Lord Pentland rejected the case stating:
"The orders sought would unquestionably interfere to a major extent to the proposed proceedings in parliament. I cannot see that it would be right for parliament to be invited to consider a draft treaty which the court had suspended on the basis that it was unlawful. It is a cardinal principle of constitutional law that the courts should not intrude on the legitimate affairs and processes of parliament."
With Brexit uncertainty continuing to hit business EY warned that UK quoted companies had issued the highest profit warnings in 2019 since 2008. However, Chancellor Sajid Javid refused to release economic impact data on the latest withdrawal deal despite cross-party calls stating it would be "incomprehensibly irresponsible" not to do so. Hilary Benn had also written to Stephen Barclay, the Brexit Secretary, calling for publication of this data. “One was produced in November last year modelling a number of scenarios” stated the Chancellor. It was “still out there” and “anyone can look it up”.
The Chancellor insisted that the PM’s revised proposals would be “good for the economy”, and that even if there were costs it would be “good for the fabric of our democracy” in getting Brexit agreed.
The government’s own estimates published last year suggested thatan agreement similar to Boris Johnson’s deal proposing a limited free trade deal with the EU, would take 6.7% from the UK GDP, making people on average £2,250 a year poorer by 2034. The former PM, Theresa May’s deal would have resulted in a smaller 2.1% impact over the same period.
The May deal had envisaged a customs partnership with the EU whereas the Johnson deal saw the UK outside the customs union with complex tariff and separate arrangements for Northern Ireland.

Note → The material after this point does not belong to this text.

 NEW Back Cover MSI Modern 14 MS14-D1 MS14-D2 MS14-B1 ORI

The UK, except Northern Ireland, would move away from EU regulations setting its own rules or adopting those of other trading partners including America. The principles of freedom of movement would no longer apply and services making up 80% of the economy were not included in either version of the deal.
Meanwhile UK manufacturers were being hit with the first US tariffs imposed as a result of a 15 year old aerospace dispute concerning illegal state aids between Airbus, the European firm, and US rival, Boeing. Products ranging from Scotch whisky, biscuits, and luxury cashmere and Savile Row suits were hit with 25%-40% tariffs from 18thOctober.

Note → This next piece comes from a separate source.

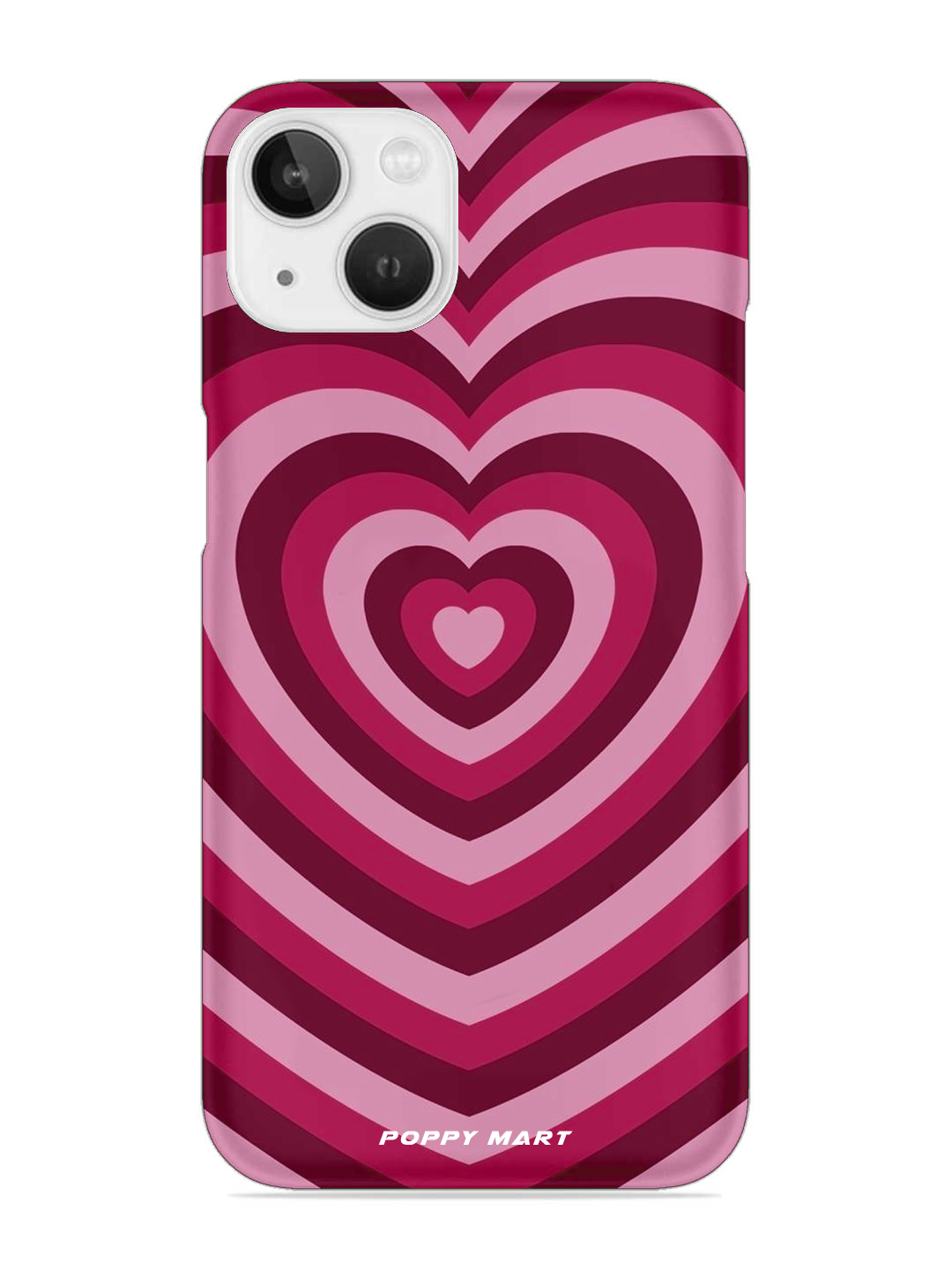 Heartbeat Hard Case | HB-HD-027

Carolyn Fairburn, Director General of the CBI continued to stress the ongoing concerns of many in the business community whose business models have been built on a forty year development process leading to integrated markets and frictionless supply chains. “Decades of free and frictionless trade with the UK’s largest market, forged by thousands of firms big and small, must not be abandoned. Frictionless EU trade and regulatory alignment is vital for UK prosperity and jobs.”
Whatever happens time is of the essence. The European Union is embarking on the conclusion of its next round of planning ahead of its mid-term multi-annual financial framework (MFF) requiring firm decisions to be made by its partners. Effectively the UK needs to be either in or out by April 2020.